Barekov’s party is also shown to have spent the largest amount of money on media campaigning – around 300,000 Euros - and has toured the country relentlessly in the past few months, staging mass cook-outs and speeches. There is an increasing debate in the (independent) media outlets as to where his party has managed to acquire such donations, with speculations revolving around the role of the Russian lobby and the infamous Corporate Commercial Bank, reflexive of the oligarchic model of Bulgarian politics.
Nikolay Barekov as Conchita Wurst. Image supplied by author.
In recent weeks, the lead-up to the EP elections has been marred by a series of anti-European demonstrations. On May 9th, the Bulgarian Socialist Party staged a rally in front of the Soviet Army Monument in central Sofia commemorating ‘Victory Day’ (the capitulation of Nazi Germany to the Soviet Union) rather than what is known and celebrated around the continent as ‘Europe Day’ (also known as Schuman Day, after the historic declaration by the French foreign minister Robert Schuman). There, a European flag was burnt by a small group of demonstrators calling on Russia to protect Bulgaria and assist the nation in joining the Eurasian Union.
Image supplied by author.
According to recent polls, a growing number of individuals have voiced their support for the Russian annexation of Crimea and its role in escalating the Ukrainian crisis. Not long ago, Ataka publicly denounced the EU imposition of sanctions on given individuals in Russia and kicked-off their European election campaign in Moscow.
Image supplied by author.
The only openly pro-European contender in the race is the Reformation Block, which represents a coalition of five centre-right and right wing conservative parties. On the eve of 9 May, they also held a rally at the Soviet Army Monument, upon which a large EU flag was projected. The speaker of the Reformation Block, Radan Kanev, emphasised the ‘increasing danger’ that Bulgaria may be drifting ‘East’, away from Europe and its core values. One of the examples given was the strong Russian influence in domestic politics and the energy sector – where their push for the construction of the Belene Nuclear Power Plant and the South Stream pipe-line would effectively increase Bulgaria’s dominance on Russian foreign investment and fuel.
The elections are an extremely important benchmark to nature of the political situation in Bulgaria. The #ДАНСwithme (pronounced dance-with-me) protest movement, which erupted last June, has been largely ignored. The main culprit of protest movement, Delyan Peevski, whose appointment as Head of the National Security Agency ignited the entire process of civic reengagement, looks likely to be elected as the second Movement for Rights and Freedoms (DPS) candidate. Ataka’s controversial leader, stripped of his political immunity for assaulting a foreign attaché on a plane, also has favourable outlooks of going to Brussels; the same goes for Bulgaria Without Censorship’s Nikolay Barekov.

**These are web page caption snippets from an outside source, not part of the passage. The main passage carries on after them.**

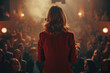© Anas - a woman giving a speech in microphone realistic image high quality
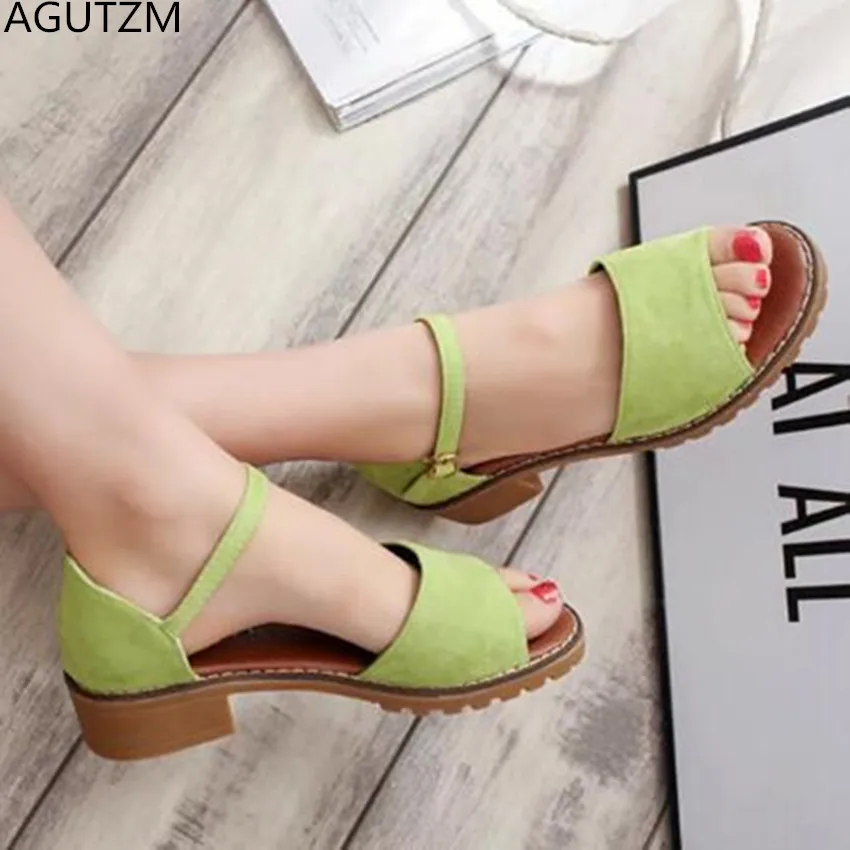 

AGUTZMCPI Summer Floral Sandals Fish Mouth Women Sandals Pu Suede Retro High Heels Square Heel Woman Buckle Shoes size 35-40 W47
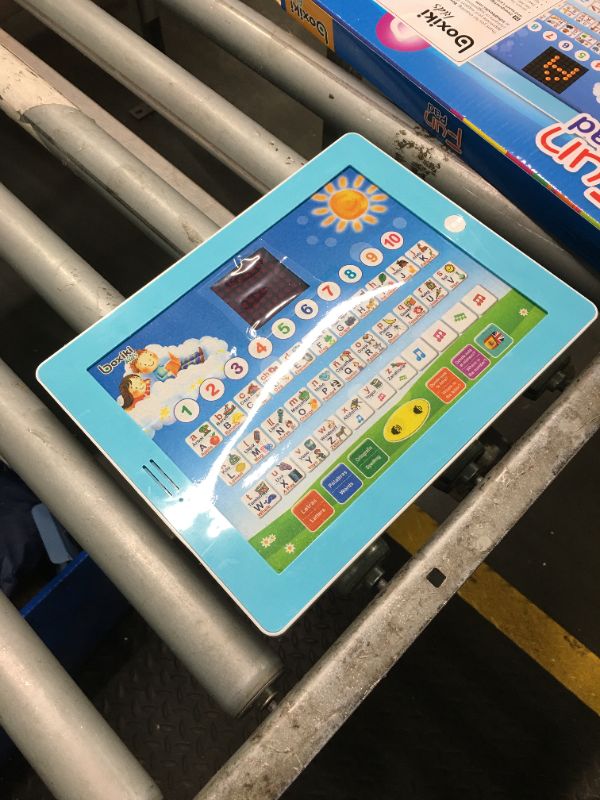 Photo 2 of ***Tested, 1.5V AAA batteries not include*** Boxiki kids Spanish-English Learning Bilingual Tablet Educational Toy with LED Screen Display. Learn Spanish and English with ABC Games and Spelling. Kids Love Our Interactive Educational Toys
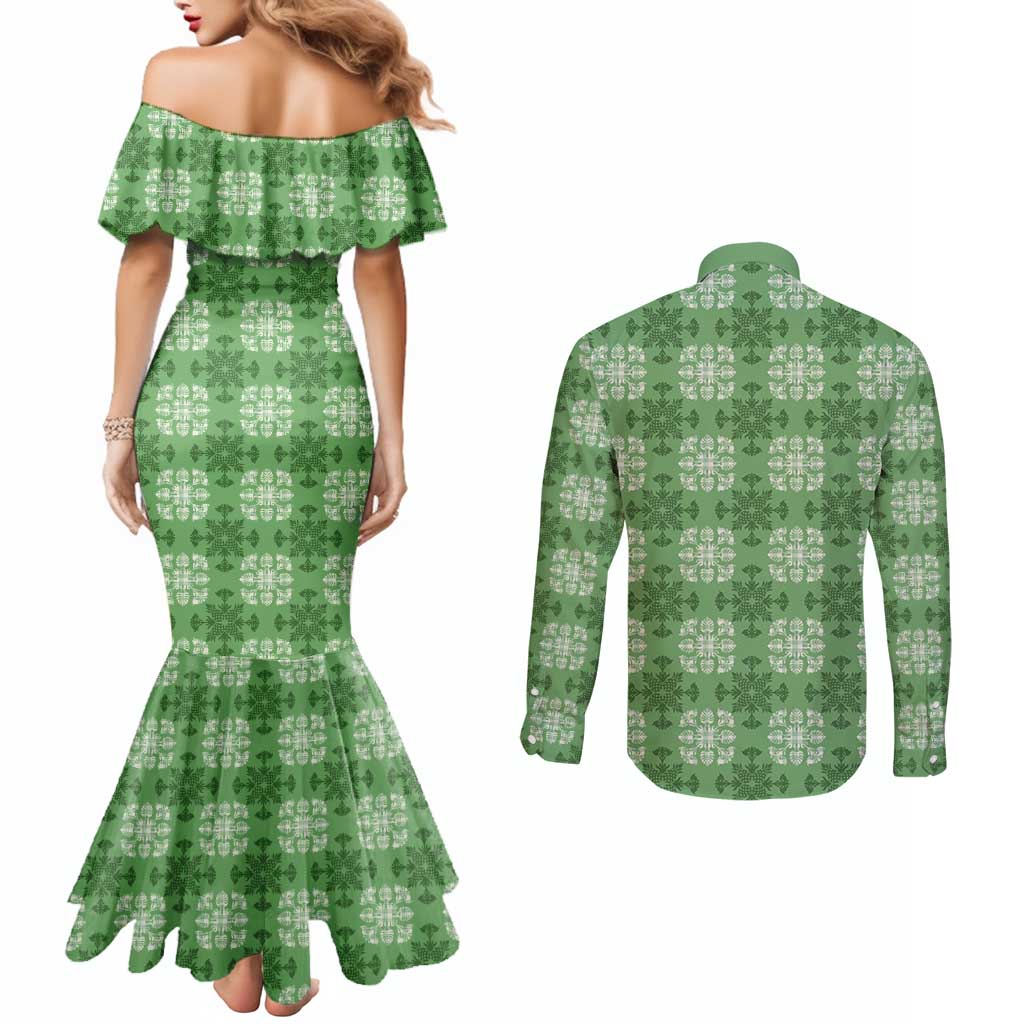 Green Hawaiian Quilt Couples Matching Mermaid Dress and Long Sleeve Button Shirt Hawaii Pineapple Monstera Palaka Motifs LT14 - Polynesian Pride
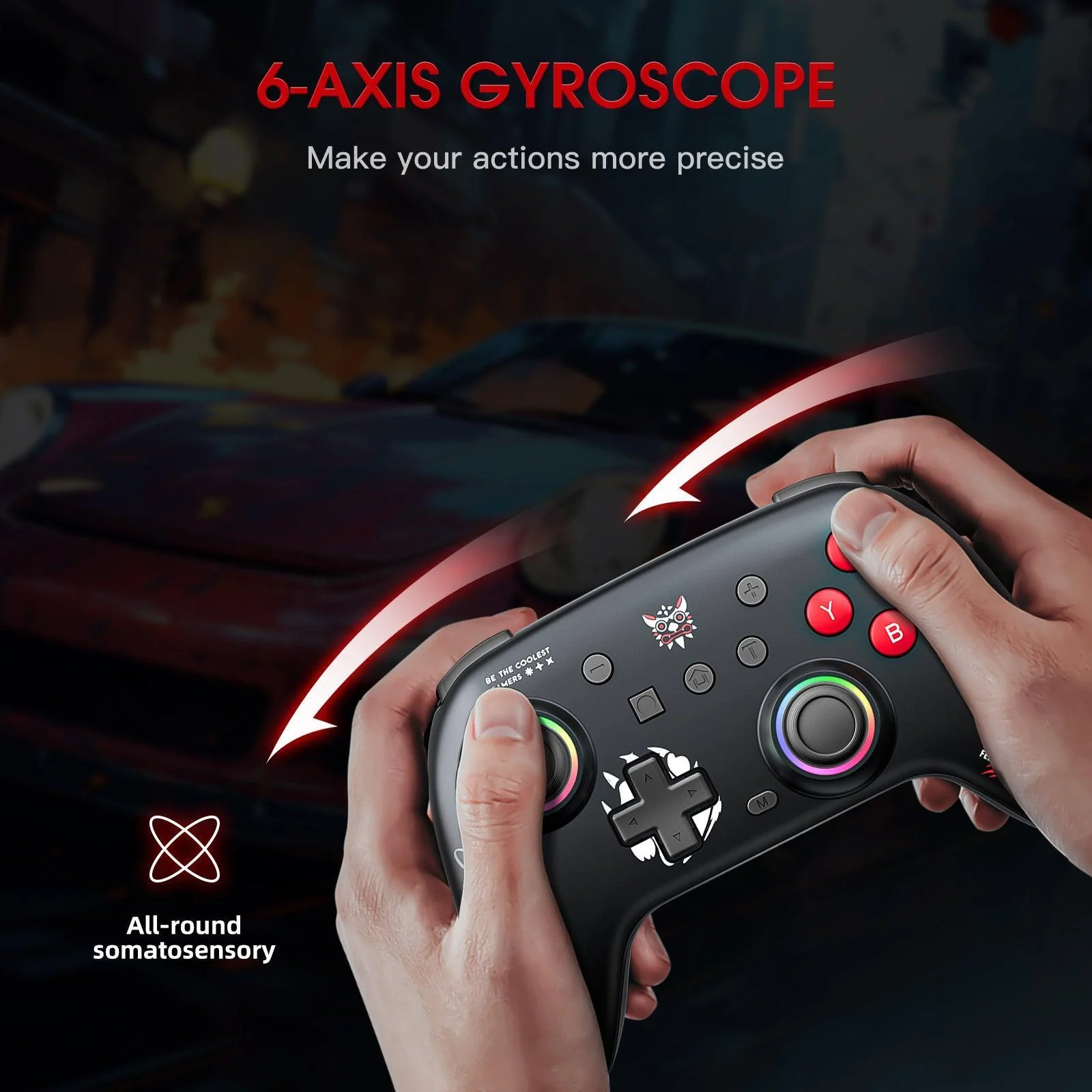 ONIKUMA C1 Wireless Controller Compatible with Nintendo Switch/Switch Lite, Bluetooth Pro Controller with Turbo, Motion, Vibration, Wake-up, Headphone Jack and Breathing LED Light - Image 14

These three individuals are deeply disliked by the majority of the population, especially in more urban areas, and their presence in the European Parliament as representatives of Bulgaria is seen as deeply humiliating and dangerous to Bulgaria’s national interest.
The elections will also affect the domestic political situation in the country. The candidacy of the above mentioned individuals has once again sparked a growing wave of protests in Sofia in the last week, growing as the annual anniversary of #ДАНСwithme approaches. The delicate coalition government, currently with a single-digit approval rate, will suffer even further if it once again does badly at the polls. While a resignation seems unlike, it seems that May 25 will lead to a steady increase in public dissatisfaction and outrage at the state of politics.